Football: What’s All the Fuss About With Split Divisions in Class 5A?

Football: What’s All the Fuss About  With Split Divisions in Class 5A?

by Steve Gamel

If you’ve been paying attention to high school football storylines, you may have heard about the University Interscholastic League’s plans to move forward with a split division format before the start of next season.

Under this format, all Class 5A teams will be split between Division I and Division II for the regular season and playoffs based on their enrollment numbers. The goal is to match schools of similar size with one another rather than having smaller schools squaring off against schools with larger numbers and depth to pull from.

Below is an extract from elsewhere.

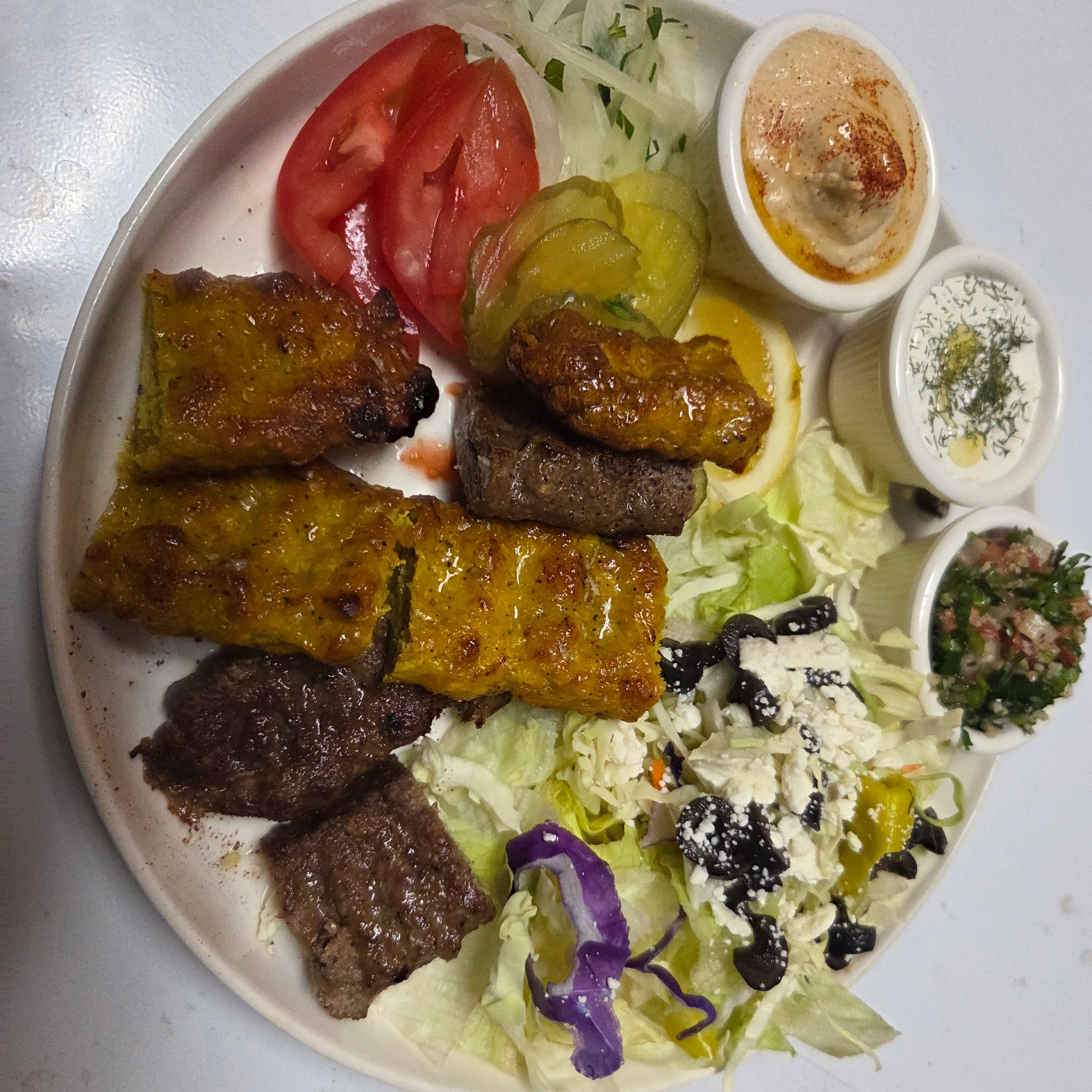 KC Kebab Plate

The UIL will use enrollment numbers turned in on Oct. 27 to determine every team’s fate for realignment day in February.

Split divisions is really not a foreign concept, anyway. Teams competing in Class 4A and below are already using it. But with any great plan, there can always be the potential for chaos. So what’s all the fuss?

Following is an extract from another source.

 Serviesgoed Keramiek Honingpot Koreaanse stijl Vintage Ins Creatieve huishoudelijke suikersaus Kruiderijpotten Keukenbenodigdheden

According to a Dallas Morning News article last month, the biggest concern is fear of the unknown. For example, Woodrow Wilson High School in Dallas sits on the borderline between Division I and Division II using current enrollment figures, the DMN article states. Since Dallas ISD schools – which are all in close proximity to each other – could fall on different sides of the division cutoff number, Wilson’s district mates could change drastically. This could in turn create scheduling and transportation issues.

There is also the possibility that the cutoff numbers in each classification (1A through 6A) could change and force teams that are on the bubble between 5A and 6A to move up a weight class. Highland Park, for example, is a large 5A school, but spent 2014 and 2015 in Class 6A and could find itself moved up again.

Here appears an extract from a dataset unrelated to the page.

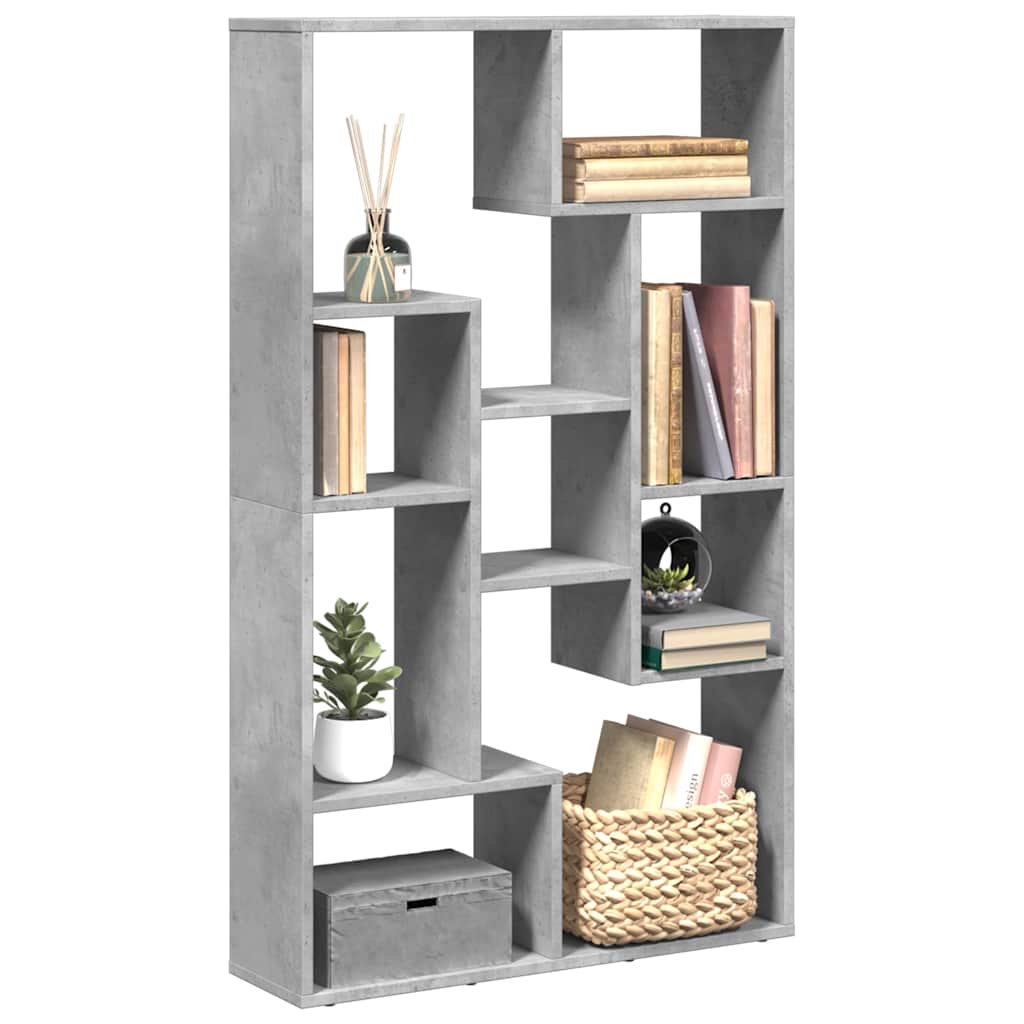 Libreria Grigio Cemento 72x20x120,5 cm in Truciolato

Lake Dallas football coach Michael Young can see cause for concern when it comes to the threat of more travel. But that’s where all the concerns should end.

“It levels off the disparity and creates a level playing field, because you won’t have teams with an enrollment number of 1,100 competing against schools with enrollment numbers at 2,200,” Young said. “As an example, Division II could be schools with enrollments between 1,100 and 1,600. Any coach will tell you that numbers are very important.”

Another benefit Young pointed to is a consistent playoff structure. Under the current format, teams are split into different divisions once playoffs start, which means teams that win district don’t always get matched up with the right opponent.

“If you win your district, you’re supposed to play the fourth place team from whatever district you are lined up with,” Young said. “But it doesn’t always work out that way. We’ve had it happen here where we won our district and ended up facing a second-place team in the first round. That doesn’t make any sense. This new format should fix that.”